Second, are you sure the Web server knows it’s a CGI program? Most Web server software will have a special way of designating a file as a CGI program, whether it’s a special cgi-bin directory, the .cgi or .pl extension on a file, or something else. Unless you live up to these expectations, the Web server will think the program is a text file, and serve up your program’s source code in plain-text form. Ask your ISP for help.

CGI programs are unruly beasts at the best of times; don’t worry if it takes a bit of work to make them run properly.

Making the Form Talk Back

At this point, you should have a working copy of backatcha.cgi spitting out blank pages from a Web server. Let’s make it actually tell us something. Take the following HTML code and put it in a file:

<FORM ACTION="putyourURLhere" METHOD=GET>
    <P>What is your favorite color? <INPUT NAME="favcolor"></P>
<INPUT TYPE=submit VALUE="Send form">
lt;/FORM>

Be sure to replace putyourURLhere with the actual URL of your copy of backatcha.cgi! If you want, you can use the copy installed here at Perl.com.

This is a simple form. It will show a text box where you can enter your favorite color and a “submit” button that sends your information to the server. Load this form in your browser and submit a favorite color. You should see this returned from the server:

favcolor: green

CGI functions

The CGI.pm module loads several special CGI functions for you. What are these functions?

The first one, header(), is used to output any necessary HTTP headers before the script can display HTML output. Try taking this line out; you’ll get an error from the Web server when you try to run it. This is another common source of bugs!

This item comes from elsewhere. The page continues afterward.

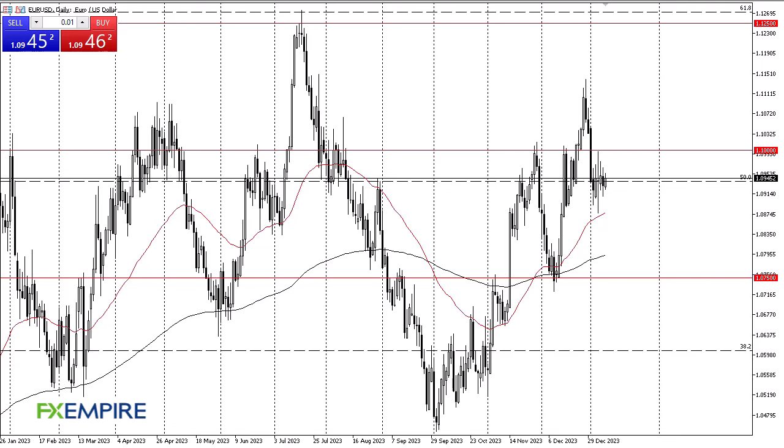From FX Empire, this is Chris taking a look at the euro. The euro has risen slightly against the dollar during trading on Wednesday, but we are still stuck in the same range that we have been in, right around the 1.0950 level.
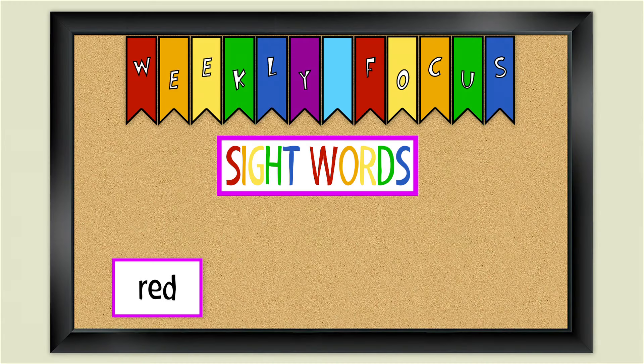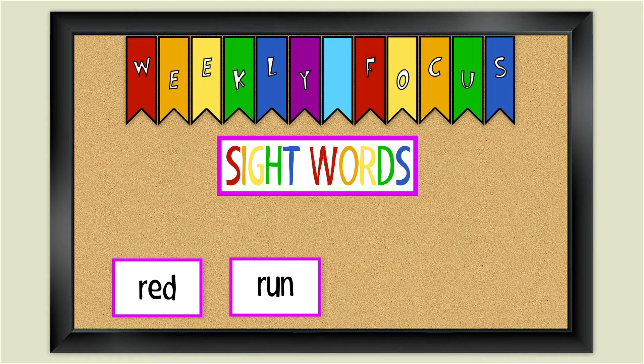Our next sight word is run. How do you spell the word run? R-U-N. Run. That's how you spell the word run.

The start_html() function is there for convenience. It returns a simple HTML header for you. You can pass parameters to it by using a hash, like this:

print $cgi->start_html( -title => "My document" );

(The end_html() method is similar, but outputs the footers for your page.)

Finally, the most important CGI function is param(). Call it with the name of a form item, and a list of all the values of that form item will be returned. (If you ask for a scalar, you’ll only get the first value, no matter how many there are in the list.)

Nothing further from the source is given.